Identity Management(IdM または IPA)アイデンティティープロバイダーは、汎用 LDAP プロバイダーの拡張です。LDAP プロバイダーのすべての設定オプションは、IdM プロバイダーと、SSSD が IdM ドメインのクライアントとして機能させ、IdM 機能を拡張することを可能にする追加のパラメーターで利用できます。
Identity Management は、ドメインの ID、認証、アクセス制御ルール、およびパスワードのプロバイダーとして機能します。*_providerまた、Identity Management には、SELinux ポリシー、自動マウント情報、ホストベースのアクセス制御を管理する独自のドメイン内に設定オプションがあります。
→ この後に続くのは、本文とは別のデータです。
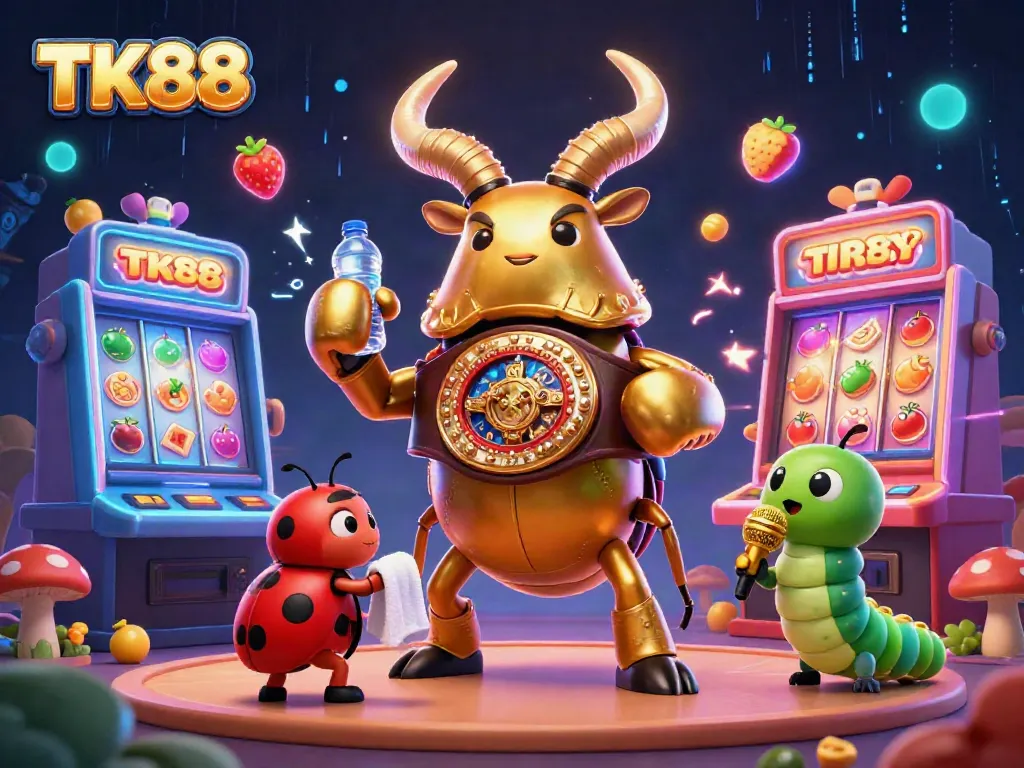 Join the excitement of TK88 with a vibrant slot machine scene featuring dynamic 3D characters in action.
IdM ドメインの機能はすべて SSSD 設定に関連付けて、システムユーザーにこれらのセキュリティー関連のポリシーを適用し、キャッシュすることができます。

例13.3 基本的な IdM プロバイダー

LDAP プロバイダーなどの IdM プロバイダーは、ID、認証、アクセス制御などの複数のサービスを提供するように設定できます。
IdM サーバーでは、非常に便利な設定が 2 つあります(必須ではありません)。
  • デフォルトの RFC 2307 スキーマではなく、特定の IdM スキーマを使用します。
  • クライアントが最初に IdM ドメインに接続するときに、Identity Management ドメインの DNS サーバーをこのクライアントの IP アドレスで更新するように SSSD を設定します。
[sssd]
domains = local,example.com
...

[domain/example.com]
id_provider = ipa
ipa_server = ipaserver.example.com
ipa_hostname = ipa1.example.com
auth_provider = ipa
access_provider = ipa
chpass_provider = ipa

# set which schema to use
ldap_schema = ipa

# automatically update IdM DNS records
ipa_dyndns_update = true
Identity Management は、Linux ドメイン全体でユーザーのセキュリティーポリシーとアイデンティティーを定義して維持します。これには、アクセス制御ポリシー、SELinux ポリシーなどのルールが含まれます。IdM ドメインのこれらの要素の一部は、SSSD を IdM クライアントとして使用して SSSD と直接対話し、これらの機能は sssd.conf の IdM ドメインエントリーで管理できます。
ほとんどの設定パラメーターは、IdM が固定スキーマを使用するので、スキーマ要素の設定に関連している(ほとんどのデプロイメントでは関係ありません)、変更する必要はありません。実際、IdM の機能にクライアント側の設定は必要ありません。しかし、動作を微調整すると便利な状況があります。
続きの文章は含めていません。